Reproduce the material below only from the line with "Hey everyone, I'm" to the line with "Let's kick it", both included, keeping each line exact and dropping the pictures.

-------- EXERCISE INPUT --------

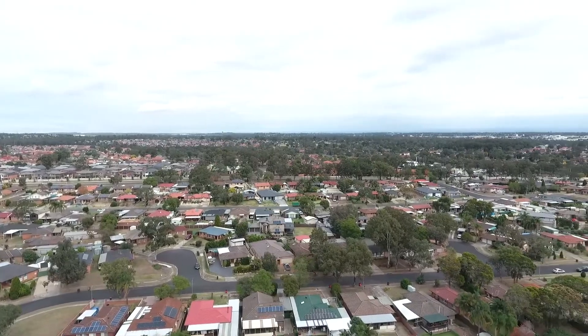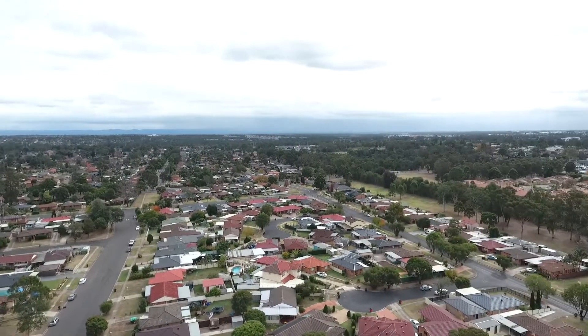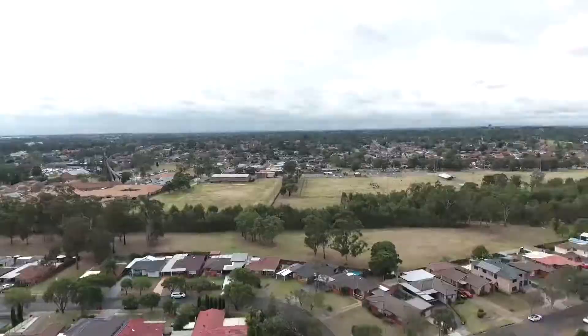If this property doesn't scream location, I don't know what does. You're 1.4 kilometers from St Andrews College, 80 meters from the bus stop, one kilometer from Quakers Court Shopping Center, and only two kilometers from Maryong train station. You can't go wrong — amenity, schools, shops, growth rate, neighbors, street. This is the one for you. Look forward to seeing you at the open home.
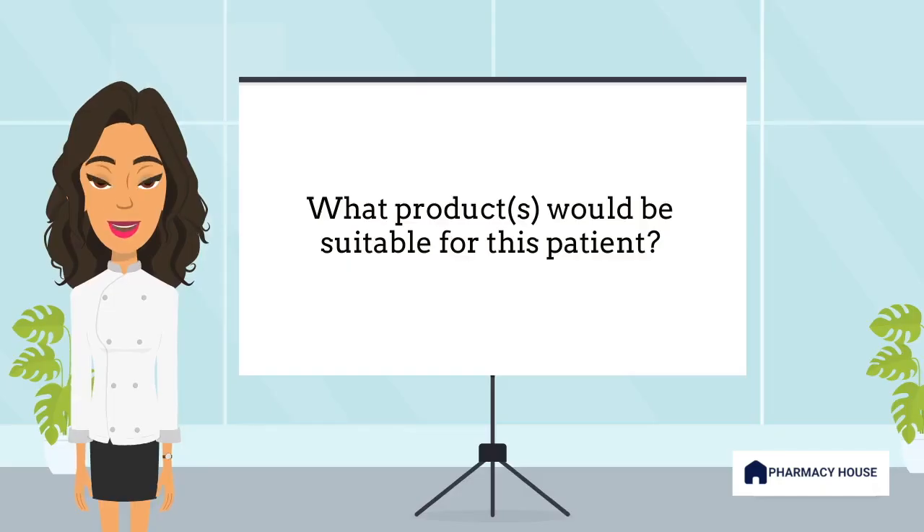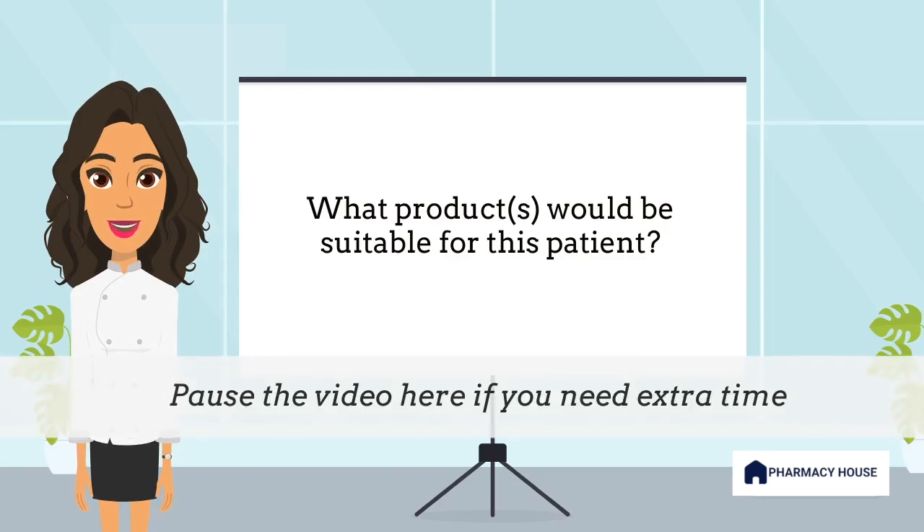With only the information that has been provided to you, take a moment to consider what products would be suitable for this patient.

--------
-------- EXERCISE INPUT --------

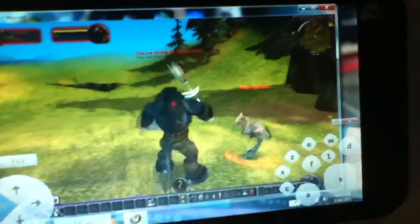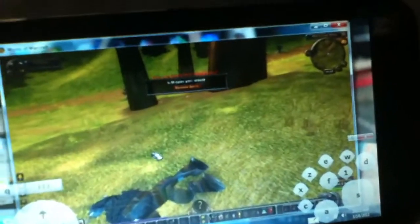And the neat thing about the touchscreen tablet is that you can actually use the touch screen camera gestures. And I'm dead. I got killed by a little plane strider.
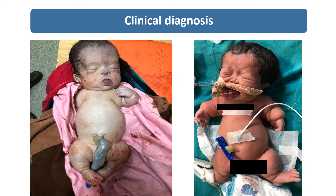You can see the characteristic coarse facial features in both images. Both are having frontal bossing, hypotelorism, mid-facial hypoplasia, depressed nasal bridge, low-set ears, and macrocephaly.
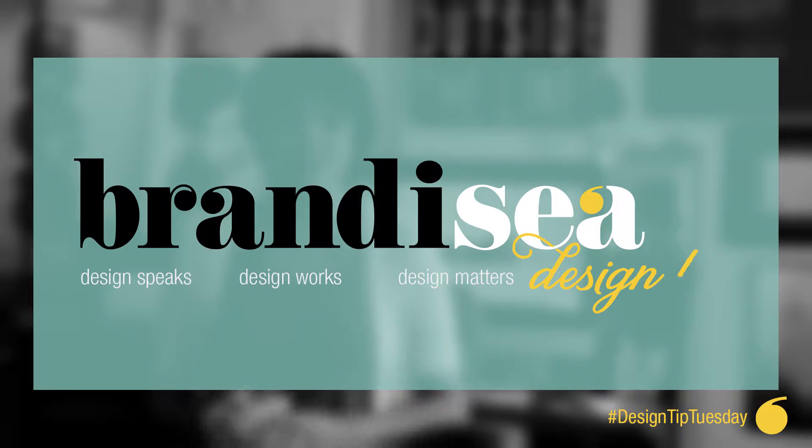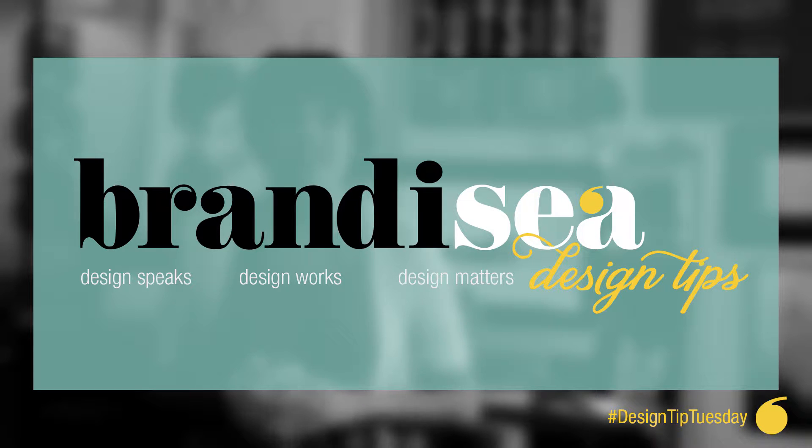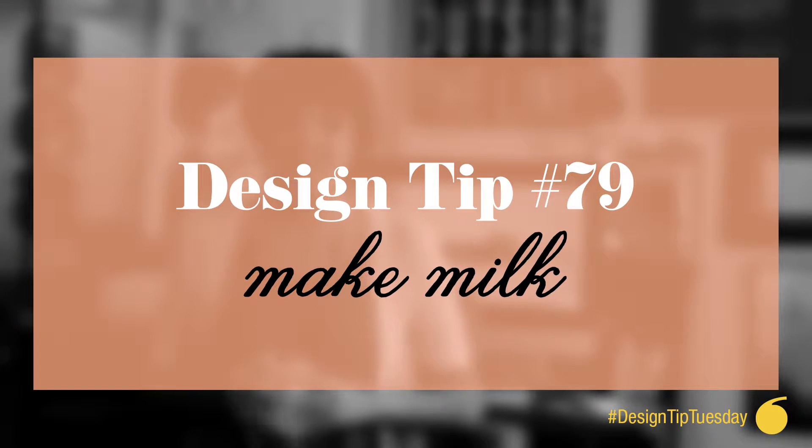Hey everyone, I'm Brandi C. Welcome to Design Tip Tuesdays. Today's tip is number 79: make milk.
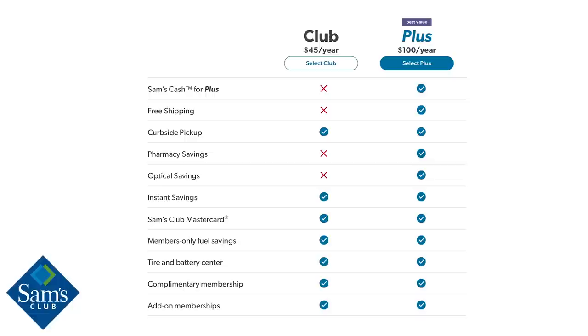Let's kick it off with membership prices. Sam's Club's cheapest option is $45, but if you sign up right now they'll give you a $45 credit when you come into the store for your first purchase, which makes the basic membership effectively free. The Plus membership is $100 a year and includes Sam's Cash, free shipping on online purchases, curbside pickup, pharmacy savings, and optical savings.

--------
-------- EXERCISE INPUT --------

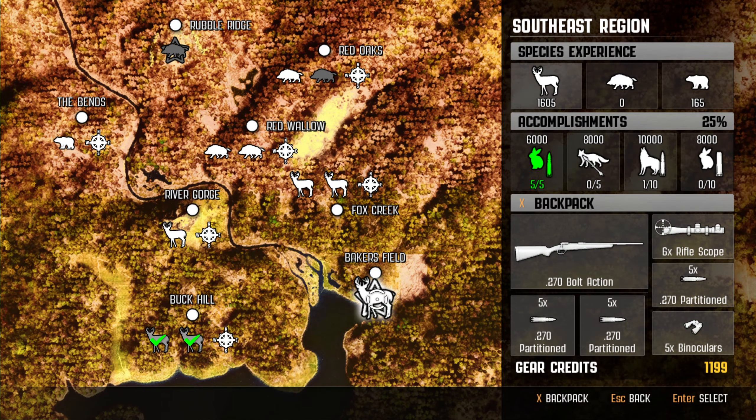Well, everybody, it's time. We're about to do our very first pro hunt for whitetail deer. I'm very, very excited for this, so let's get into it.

--------

RESULT OF THIS TASK -
Hey everyone, I'm Brandi C. Welcome to Design Tip Tuesdays. Today's tip is number 79: make milk.
Let's kick it off with membership prices. Sam's Club's cheapest option is $45, but if you sign up right now they'll give you a $45 credit when you come into the store for your first purchase, which makes the basic membership effectively free. The Plus membership is $100 a year and includes Sam's Cash, free shipping on online purchases, curbside pickup, pharmacy savings, and optical savings.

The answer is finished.